Some methods for data-driven tuning may be derived as opposed to a user-specified
values.

2) Optimization

Can something be said about convergence properties of the proposed learning
aglorithm, such as convergenec speed or computational complexity?
Q2: Please summarize your review in 1-2 sentences
An interesting and novel method.

Submitted by Assigned_Reviewer_5

Q1: Comments to author(s). First provide a summary of the paper, and then address the following criteria: Quality, clarity, originality and significance. (For detailed reviewing guidelines, see http://nips.cc/PaperInformation/ReviewerInstructions)
The article was motivated by the difficult problem of inferring neurons and their assemblies from Calcium imaging recordings. It proposes a "bilevel sparse heterarchical matrix factorization", whereby neurons (i.e. their pixel-correlates), and the assemblies they belong to (potentially >1 per neuron), are inferred jointly. More generally, it offers a decomposition of an observation matrix into a product of a number of sparse matrices, with the rank decreasing from lower to higher levels. It allows for imposing (structured) sparsity constraints at every level, and is not limited to hierarchical structures, as in the previous work (Jenatton and all, 2012; Kim and Xing, 2012). In addition, their method does not require an a priori assumption on the exact number of assemblies (although the authors mention that the number of inferred assemblies depends on the optimisation parameters, that need to be defined by user).

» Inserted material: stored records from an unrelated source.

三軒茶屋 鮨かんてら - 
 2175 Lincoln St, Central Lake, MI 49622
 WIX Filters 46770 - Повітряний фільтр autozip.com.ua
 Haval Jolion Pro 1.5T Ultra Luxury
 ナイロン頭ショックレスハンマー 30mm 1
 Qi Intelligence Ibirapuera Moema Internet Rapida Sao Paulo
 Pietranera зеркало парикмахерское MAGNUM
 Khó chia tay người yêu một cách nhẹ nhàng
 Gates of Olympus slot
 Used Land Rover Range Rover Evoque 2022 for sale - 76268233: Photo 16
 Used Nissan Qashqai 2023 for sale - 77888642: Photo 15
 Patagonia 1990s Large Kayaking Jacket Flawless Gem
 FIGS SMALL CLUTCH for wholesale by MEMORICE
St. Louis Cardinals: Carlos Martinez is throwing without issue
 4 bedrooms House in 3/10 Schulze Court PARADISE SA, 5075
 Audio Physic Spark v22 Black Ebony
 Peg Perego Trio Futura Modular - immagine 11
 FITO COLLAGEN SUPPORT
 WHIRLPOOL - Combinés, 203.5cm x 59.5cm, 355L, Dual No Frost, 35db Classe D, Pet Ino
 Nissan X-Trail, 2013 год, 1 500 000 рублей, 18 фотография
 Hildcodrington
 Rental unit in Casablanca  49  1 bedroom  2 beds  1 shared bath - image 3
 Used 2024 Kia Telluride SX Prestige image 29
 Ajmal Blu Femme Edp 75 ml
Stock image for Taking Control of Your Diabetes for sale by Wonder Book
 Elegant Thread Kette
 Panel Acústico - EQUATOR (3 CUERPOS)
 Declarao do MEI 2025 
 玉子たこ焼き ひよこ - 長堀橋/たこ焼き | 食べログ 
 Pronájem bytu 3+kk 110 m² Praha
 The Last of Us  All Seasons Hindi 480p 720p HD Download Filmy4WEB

The method is shown to work well on synthetic data:
(i) it recovered assembly assignments of neurons with sensitivity surpassing that of MNMMF (Cichocki and Zdunek, 2006), or KSVDS (Rubinstein and all, 2010), all methods, including the proposed one, were initialised with Adina cell sorting (Diego and all, 2013).
(ii) it detected calcium transients of single neurons with sensitivity higher than MNMMF, Adina or cell sorting.
An example from analysing real experimental data (calcium imaging in rat hippocampus) is also given, although the reviewer was not sure what to conclude from these images (other than neurons seem to be less spatially sparse than in the initial state derived from Adina algorithm).

The parallel inference of structures at every level, including the most basic one (the dictionary), as well as the time courses of at each level, is emphasised throughout the article, it is said to be the reason for the more robust identification of neuronal time courses. However, the inferred dictionary (images of single neurons) is never discussed. Images of such reconstructions (such as supplementary Fig. 6), next to the ground truth and reconstructions from other methods, would be far more interesting to the reviewer than the images of calcium recordings, where the ground truth is unknown (Fig. 6).

Quality
This paper is technically sound. It provides an in-depth description of the proposed cost function, with details of the optimisation made available in the Supplemental Material. There might be some details missing, such as how to optimise the trade-off parameters (or, how they chose and what values their used in their simulations), how were the adjacency matrices binarized (to yield true and false positives for their evaluation, l. 308), or how sensitive was the method to levels of noise they tested (l.300), but overall, I find the article a complete piece of work.

Clarity
The paper is clearly written.

Originality
To the best of my knowledge, the proposed approach is a new one. Relevant literature is adequately referenced.

Significance
The results are potentially important for any lab performing calcium imaging on cell assemblies. As the authors have shown, the parallel optimisation of assembly assignments and time courses at every level of interest improves robustness of the inference. For any experiment that can assume a fairly coherent activation of neurons within an assembly - this method should be of great value.
One more advantage is the flexibility in imposing prior knowledge on any level of detail. (It is a pity that the method apparently didn't work well without initialising dictionary by one obtained from Adina. In principle, it should be possible to incorporate the same knowledge that Adina uses at the 0-th level of inference..)
Q2: Please summarize your review in 1-2 sentences
An interesting, technically sound article, of potential value to anyone working with structured data (i.e., calcium imaging of neural assemblies).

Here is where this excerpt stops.